Further, when asked how he would have approached creating the same song, “100 Years” 10 years ago, he replied with, “Back then, I never would have thought our leaders would be our leaders. I mean we were complaining back then, I had written ‘Lapdance’ about Bush. I just really didn’t see this coming… but in 2015, we thought this guy could win because he had a team that understood the Internet. Let’s face it, he is the best troller of all time. He will see something that is happening and will come up with an explanation for what is about to happen and his followers will blindly follow him and will believe anything.” Passionately embroiled with discussing America’s current state of affairs, his mood lightens and a wry smile plasters his face when talking about the younger generation currently coming up. “I love it that the kids do all of the black dances. I love it that they love our music, they love our clothes… I fucking love it.” He later adds, “I’m not super vocal about it, but I’m activated and I’m in it. We’re fighting the good fight in our music, in our apparel, in our shoes, in the design. Anything that I am making, you should know that there is definitely some enlightening DNA. I don’t want to do anything for pure aesthetics anymore. Not only is it a waste of a tangible material good, but it’s kind of like a sin,” when commenting on his own personal stance and methods of fighting back.
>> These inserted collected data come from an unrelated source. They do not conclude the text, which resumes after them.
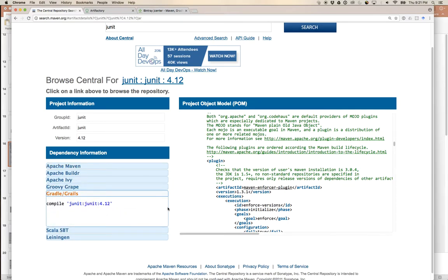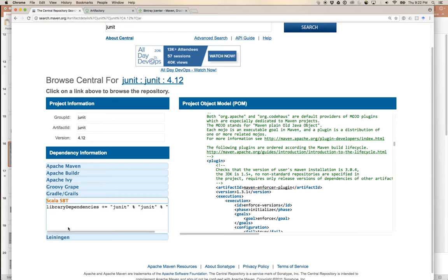Maven isn't what we're going to use, but we'll use a build system that understands Maven projects and repositories — Gradle, which we'll see in the next video. In Gradle, you can bring in a compile dependency by saying 'compile junit:junit:4.12' — group ID, artifact ID, version ID — much more compact than the XML. Since JUnit is a testing framework, you'd normally use it in the test phase, so you'd say 'testCompile'. The Scala Build Tool also understands Maven repositories similarly.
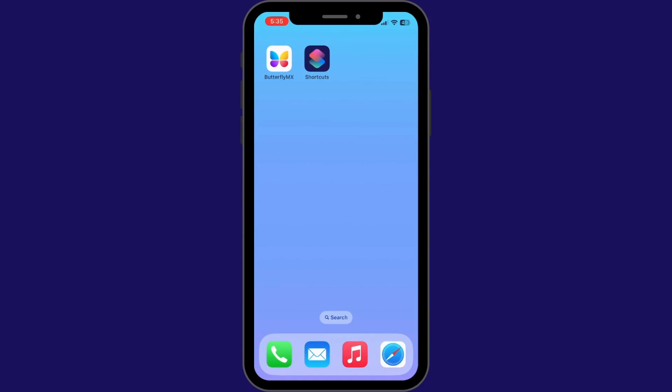Before we get started, make sure that your iOS device is operating on version 12 or later. You must also have a ButterflyMX account and the most up-to-date version of our app. Finally, you must have the Apple Shortcuts app installed on your phone at all times.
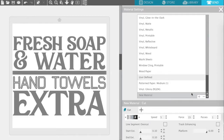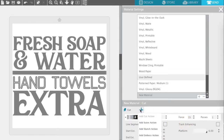A new part of a window will appear and this will give you the option to change the material settings. You can change the depth, the speed, the force, the pass, and if you click on the plus icon right here, a new drop-down menu will appear so you can add different types of cuts like scoring or embossing if you have a Curio and you're wanting to do those extra features.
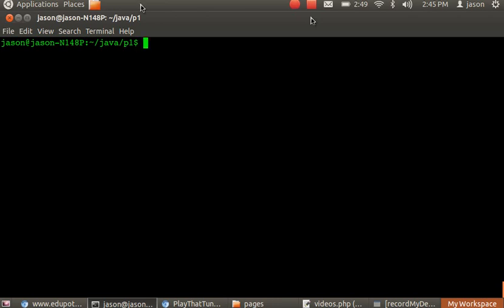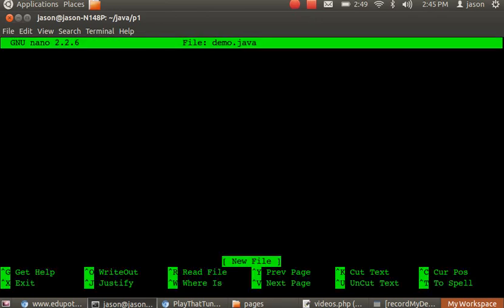First, you need to open your Linux terminal, then go inside an editor called nano and create a file. So I'll create a file first.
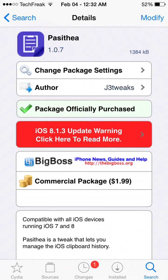Hey everybody, it's TechFreak back here with another video, and in this video I just wanted to show you how to get Pasadena for free.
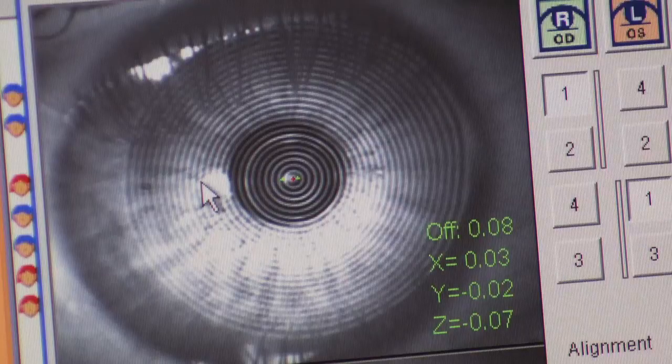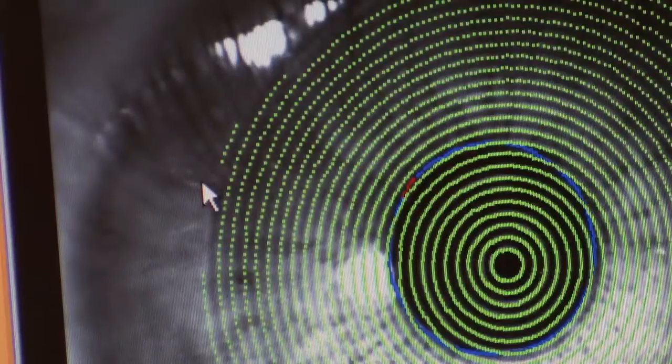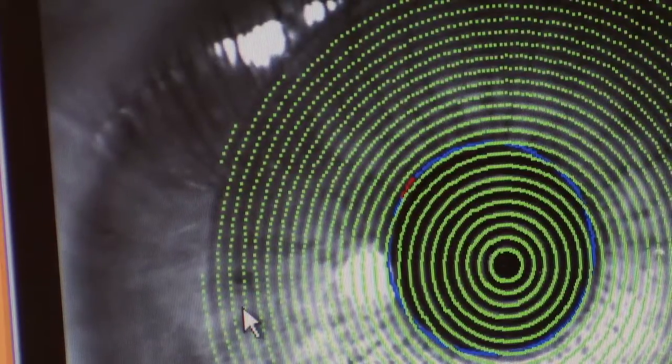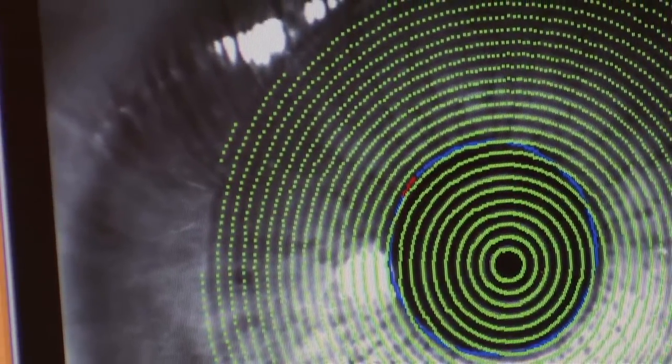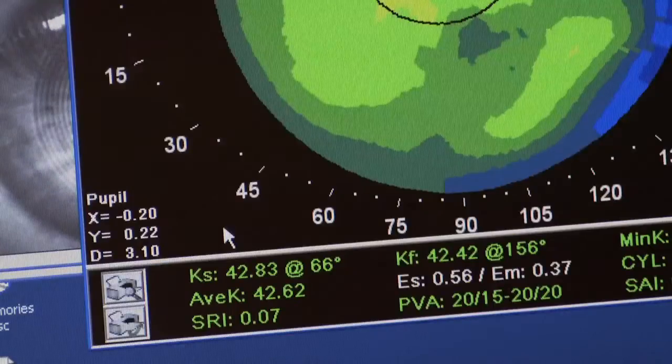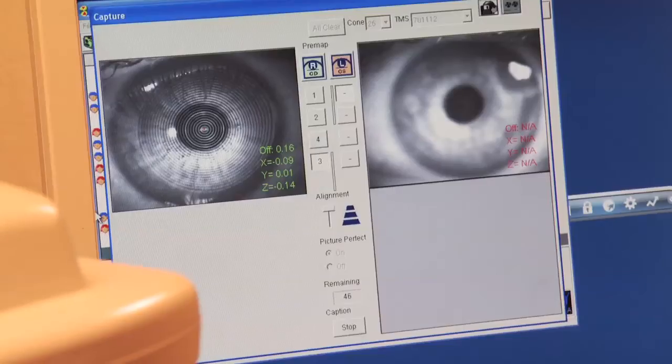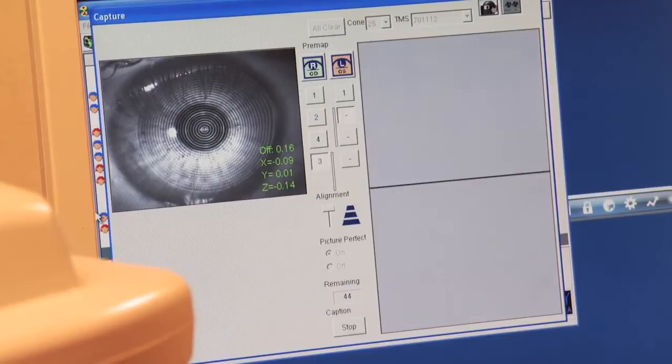Double-click the image you select to work with. A new window will appear and ask if the Meyers are OK. Take a look at the Meyers image. If the majority of the green lines are intact and it appears that you've photographed as much of the cornea as possible, select Meyers OK. Repeat the same steps for the other eye.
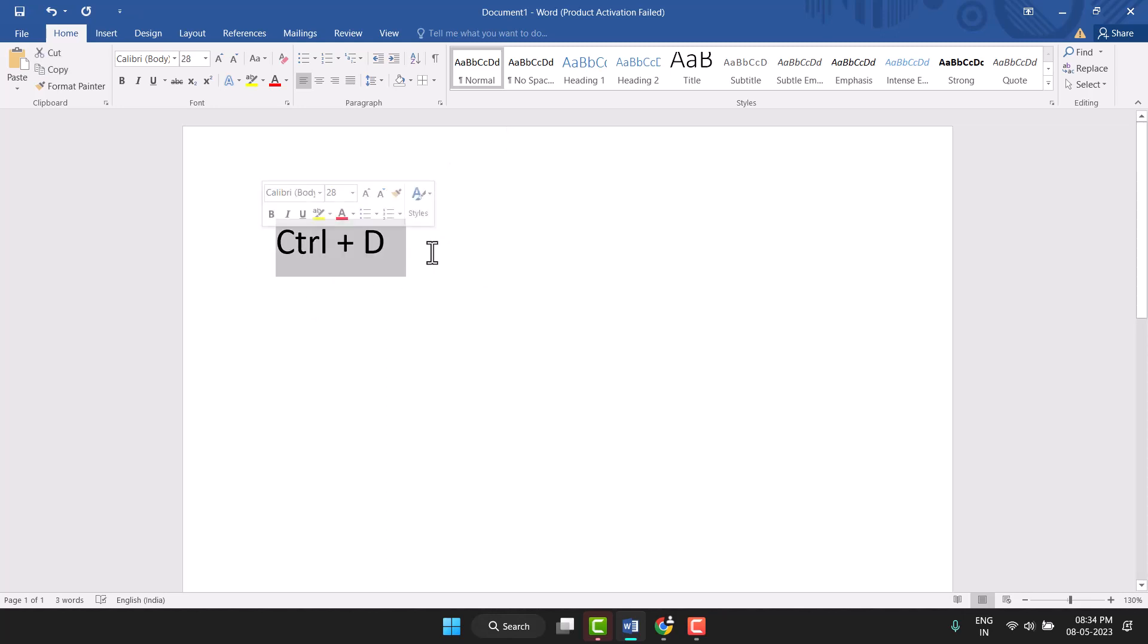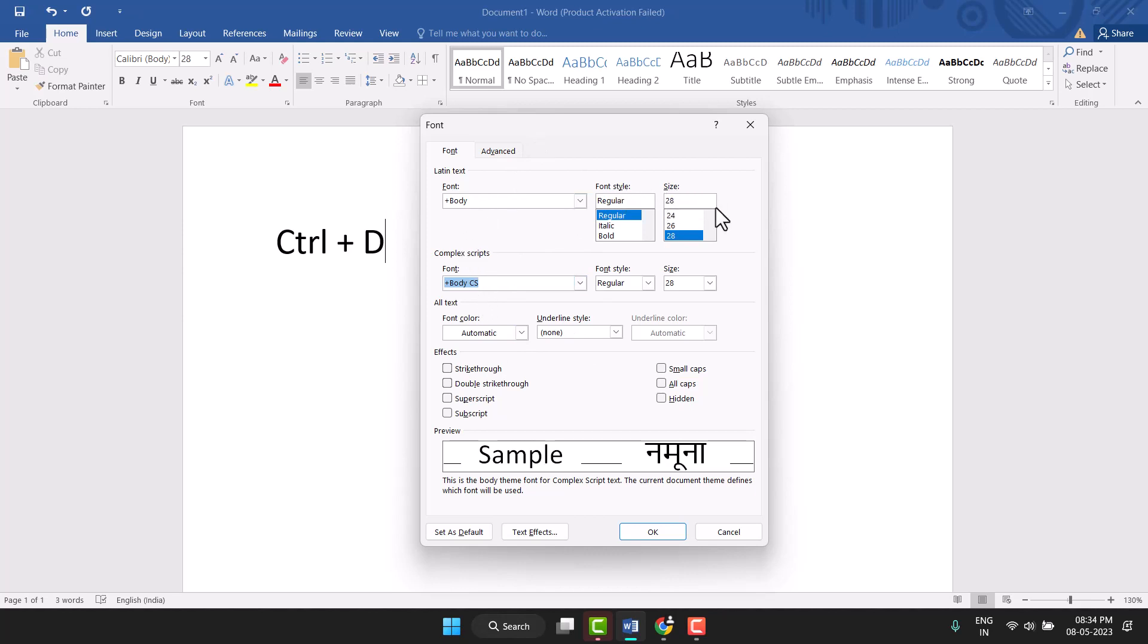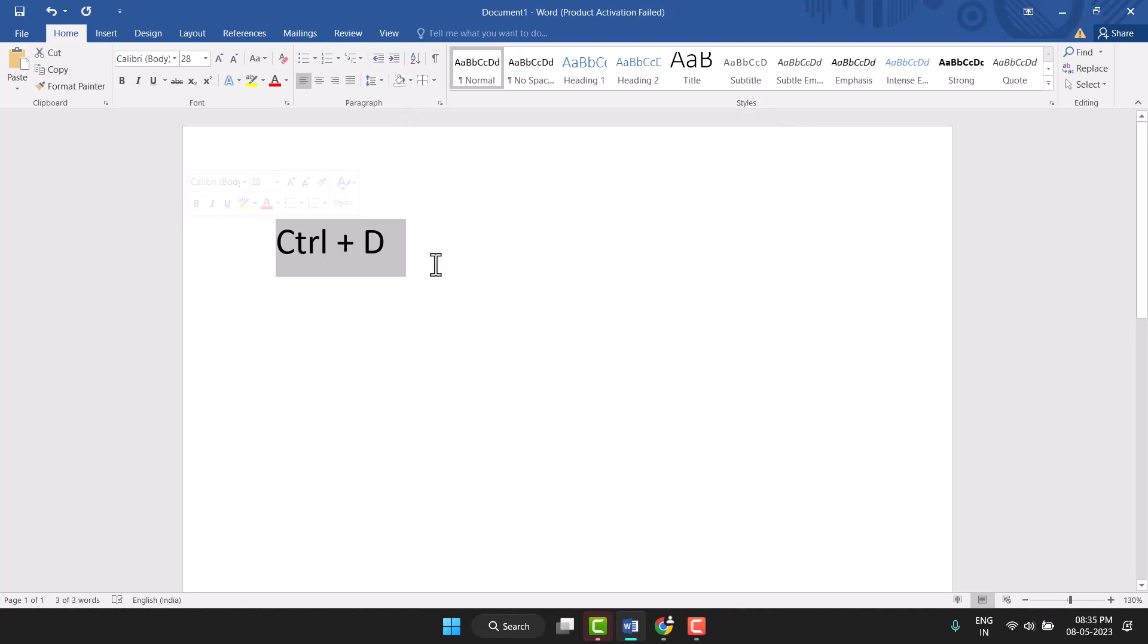Control + D is used to open this font option. You can very easily customize this font. You can change the font style, size, font color, and other options like all text formatting.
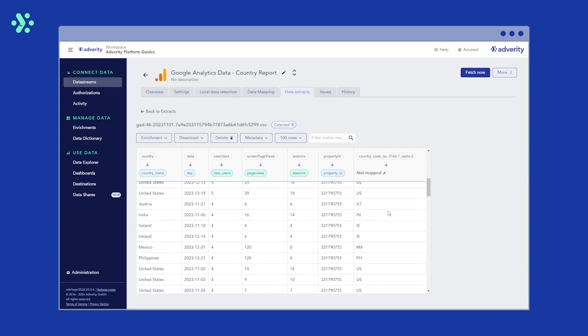And there you go, that's how you use the Unify Location Data Enrichment. For more information on using the Unify Location Data Enrichment and any other enrichments, be sure to check out the Adverity documentation.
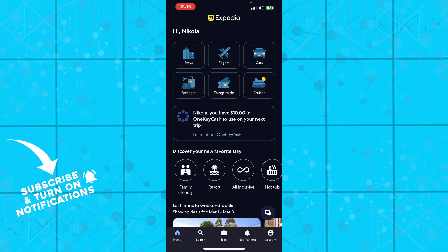The first thing you need to do is go to the App Store and download the Expedia application. Then log into your profile. If you don't have one, you can always register to Expedia.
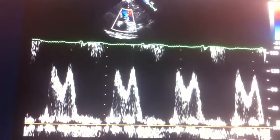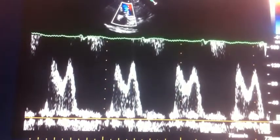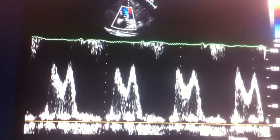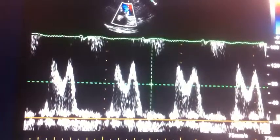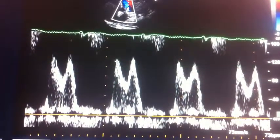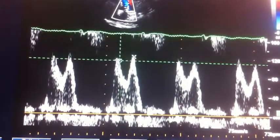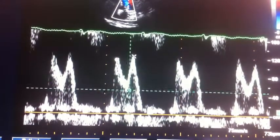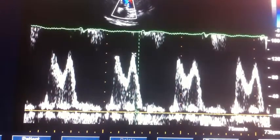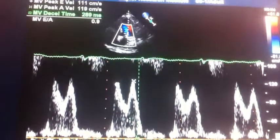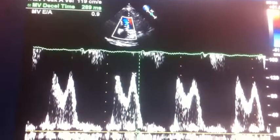This is another Doppler profile, through the mitral valve. Another measurement we can do is measure times and slopes. I can measure this peak E wave here and the peak A wave — just a couple of peaks. We can also measure the deceleration time: the time it takes for the slope of the first part of this profile to reach the baseline. The deceleration time for this patient was 289.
Pharrell echoed the exact same sentiments and tone in the song itself. Amongst the 100 lucky guests in attendance, the artist put needle to disc — finally playing the song for a room full of anxious ears. What first resembled a lighthearted circus-style jamboree — eventually brought forth a wave of anticipation, with those in attendance wilfully awaiting a heavy baseline drop. As expected, a hard-hitting beat crushed the speakers as P hastily went about his story. “I got to air out my grievances and the way I felt. That really excited me because I got a chance to properly channel it. I feel if you channel it in the right way, there could be some education in it for you and you can become enlightened,” Pharrell recounts when touching on the main inspiration points of the track.
For our generation and the one directly to follow, “100 Years” is already lost — a song never to be heard. But maybe that’s the point. The song is not meant for us; the actions guiding us to the year 2117, however, are. The tune is but a mere reward for our descendants to come, a celebration to be had — commemorating we as a collective society, doing something right.
“I strongly believe and I have no doubt about this, in 2117, our descendants will be able to hear this song. So my point is, if we take action now, we will be there,” du Plessis cheerfully closes with.